Birçok meslek dalında çalışanların düzenli olarak psikolojik testten geçmesini savunan Çetin, şöyle konuştu: “Türkiye’de çok az meslek dalında psikolojik test yapılıyor. Oysa önemli görevlerde olanlar, toplumla muhatap olan meslekler için bu zorunlu olmalıdır. Ayrıca işverenler olarak bu konuda hepimiz çaba harcamalıyız. Şirketler, işverenler çalışanlarına eğitim verebilir, şiddete uğrayan kadın çalışanlara özel destek sağlanabilir. Kadının sosyal yaşamdaki yerini geliştirmek için ne gerekiyorsa yapalım.”

"ANTALYA’YA YAKIŞMAYAN BİR KALİTESİZLİK YAŞANIYOR"

Antalya’da özellikle ticaret ve hizmet sektöründe bir markalaşma kültürü gelişmediği eleştirisinde bulunan Çetin, şunları söyledi: “Kaliteyle değil, fiyat kırmayla rekabet kültürü gelişti. Bazı sektörlerde Antalya’ya yakışmayan bir kalitesizlik, ucuzluk, borcu zamanında ödememe gibi alışkanlıklar yerleşti. Antalya’nın hızlı büyümesi, her yerde sürekli işyeri açılması, apartman altında gecekondu gibi işyeri açılmasına izin verilmesi, kayıt dışı işlerin çokluğu, turiste dönük kısa vadeli işler yüzünden Antalya ticareti yara aldı. Önümüzdeki dönem önceliğimiz ticaret sektöründe kaliteyi yükseltmek ve ticareti geliştirmek olmalıdır.”

"ANTALYA’DAKİ İHALELERİ İSTANBUL ESNAFI ALIYOR"

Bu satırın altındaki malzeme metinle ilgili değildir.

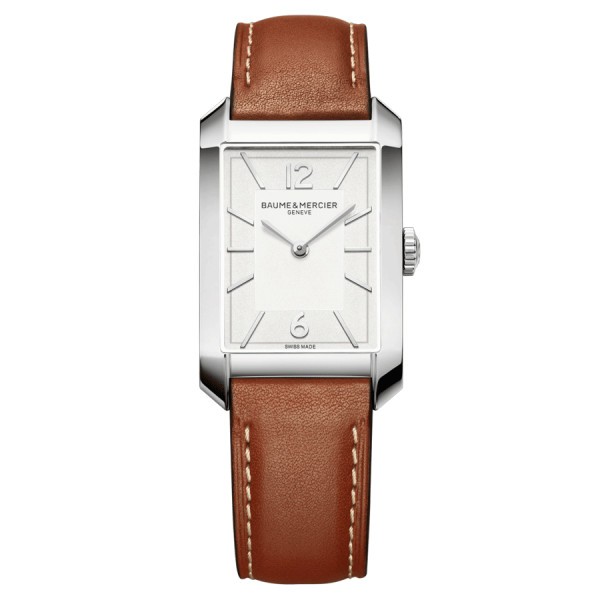 Montre Baume et Mercier Hampton quartz cadran blanc bracelet cuir marron 43 x 27,5 mm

Davut Çetin’in ardından söz alan meclis üyelerinden Tahir İbili, Antalya’daki ihalelerden ve işlerden haberleri olmadığı, bunları İstanbul firmalarının almasından şikayet etti. EXPO alanında birçok iş yürütülmesine rağmen Antalya firmaları olarak bunlardan haberleri olmadığı, işi İstanbul firmalarının aldığı eleştirisinde bulunan İbili, Antalya’da bazı otellerin duşakabinlerini bile İstanbul firmalarına taktırdığından yakınan İbili, "EXPO’da dünya iş yapılıyor ne yapılıyor haberimiz olmuyor. İstanbul esnafı geliyor benim burada ürettiğim domatesin fiyatını bile kendi belirliyor. Ben bu konuda esnafın ve üyelerin bilgilendirilmesi için bir araştırma başlatılmasını istiyorum." teklifinde bulundu. ATSO Başkanı Davut Çetin ise bu konuyla ilgili bir çalışma komisyonu kurulması için çalışma yapılacağını söyledi.